Someone who doesn't like sex or to give blow jobs isn't going to magically morph into a nympho the second the wedding waltz is over. 

A guy that goes out every weekend to drink with his friends isn't necessarily going to want to stay home with you and the kids once the baby is born.

Someone who's put their career first, same thing.

Someone who's always coasted or even mooched off of his parents probably isn't going to turn into an ambitious career-man.

Someone who has always been a little pudgy and doesn't exercise usually will never morph into a fitness model.


----------



## Jellybeans (Mar 8, 2011)

Miss Taken said:


> Meet people where they are - NOT your idealization of the potential they have or where they could be.  So don't project. *"When someone shows you who they are, believe them." *- Maya Angelou


SO TRUE. And timely because Maya Angelou has passed today.



Miss Taken said:


> Someone who doesn't like sex or to give blow jobs isn't going to magically morph into a nympho the second the wedding waltz is over.


So trueeeeeeeeee!

Someone who has detested giving BJs is not going to turn into someone who loves doing it... LOL


----------



## jorgegene (May 26, 2012)

Everything above is great advice. Those engaged, read all this and take it to heart. Stow it away and remember it every day of your married life. CONSTANTLY remind yourselves.

I will always remember my wedding and the preacher told us:
"The number one thing in marriage that you must remember is to forgive. Let the little things go. You will inevitably hurt, disappoint each other from time to time. You must learn to forgive and let go".

I carry this in my mind each and every day.

So far only a year and my wife has never disappointed me, but I know rough times will come. That's when the test of my own forgiveness will be measured.


----------



## Married but Happy (Aug 13, 2013)

Romance Deluxe said:


> Does this apply to LDRs too?


Yes, but additional caution - and maybe time - is needed because if you see each other infrequently, you will tend to be on your best behavior to make the most of your time together, and that can mask problems for longer. I'd strongly suggest one of you moving to be together full-time for at least 6 months before making final decisions, and that should still come after two years or more of LD dating.


----------



## jld (Dec 1, 2013)

unbelievable said:


> *Marriage has very little to do with sex or attraction and a whole lot to do with service and sacrifice.* If this isn't clear to your prospective mate, don't marry them.
> 
> *When it comes to marriage, a person's character and values are far more important than their looks or their funny jokes. *People aren't getting divorced because their partner suddenly becomes ugly. They get divorced every day because they can't agree on child rearing, money management or because one or both parties have serious character issues (*dishonesty*, lack of integrity, laziness, *selfishness*, sense of entitlement).
> No matter how great you think your partner is, they are going to disappoint you and piss you off, probably frequently. If both of you aren't willing to weather these times, don't even bother with the ceremony.

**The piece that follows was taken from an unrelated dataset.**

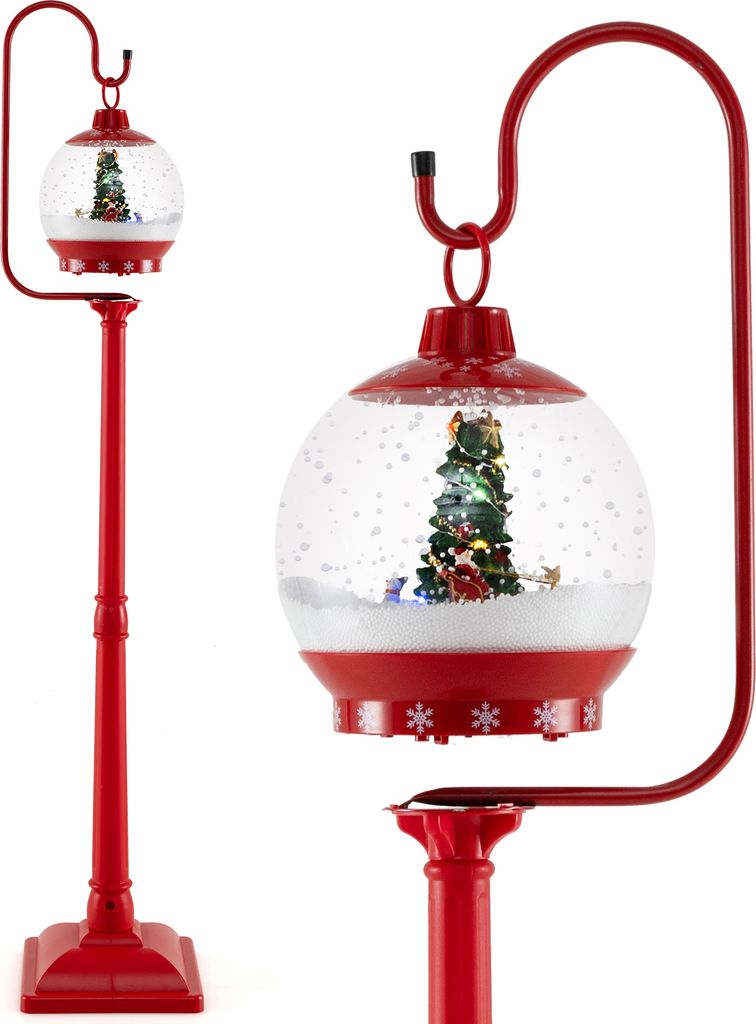 GOPLUS 170cm Weihnachtslaterne, Weihnachten Wegeleuchte tonaktiviert mit LED-Lichtern, Weihnachtsmusik und Schneefunktion, Weihnachts Straßenlampe...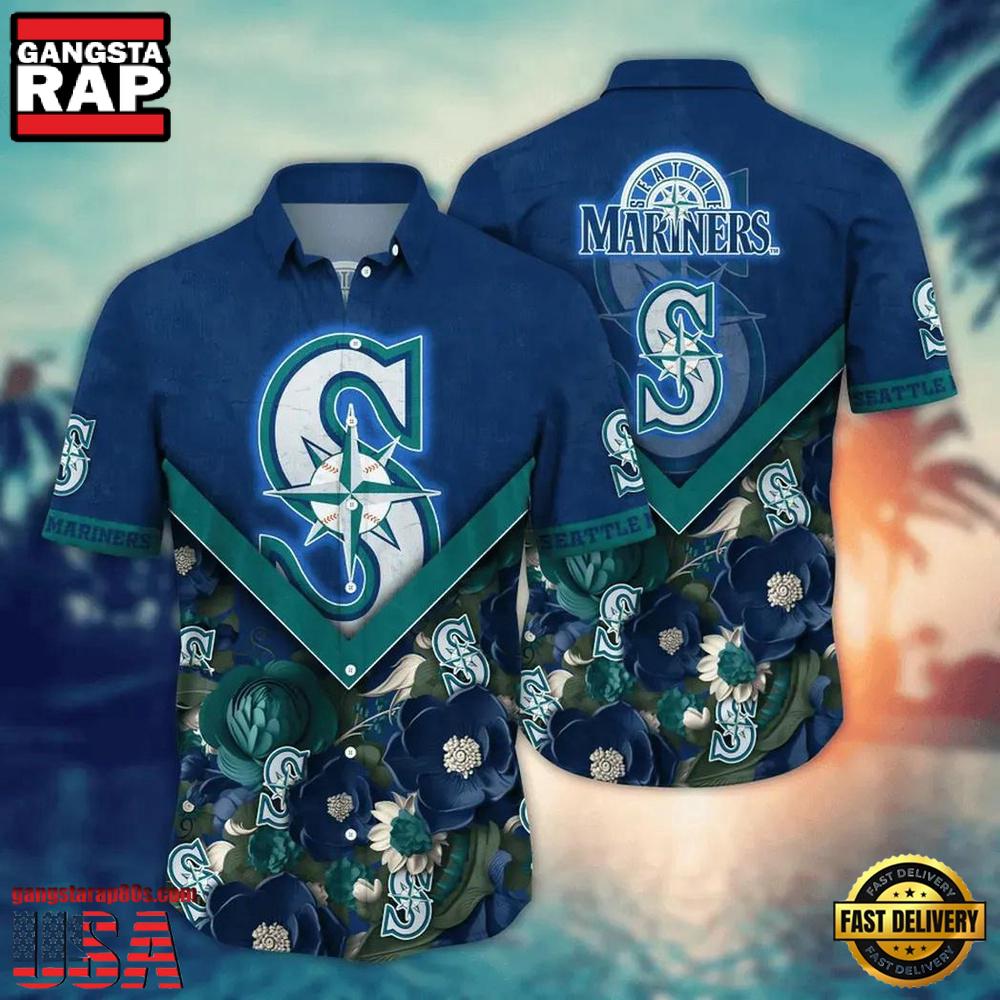 MLB Seattle Mariners Flower Aloha Baseball New Design Aloha Shirts MLB Seattle Mariners Flower Aloha Baseball New Design Aloha Shirts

There are no perfect people on this planet. * Pick someone who will do what is right *regardless of how they happen to feel on a particular day, someone who treats others with respect, someone who keeps their word, regardless of how they feel.
> ...


Absolute wisdom, unbe. Beyond excellent. One of your best posts ever. Sincere thanks.


----------



## staarz21 (Feb 6, 2013)

Don't do it!!! 

Just kidding...

I would say, never take your spouse for granted. Don't think they will always know you love them or want them. It should be said and shown to them. Daily.


----------



## karole (Jun 30, 2010)

Put your marriage first!


----------



## Caribbean Man (Jun 3, 2012)

The best advice I can give is what the pastor told us, over twenty years ago.

Be very cautious about " advice" given by others about your marriage, especially people who are unhappy, take their advice with a grain of salt.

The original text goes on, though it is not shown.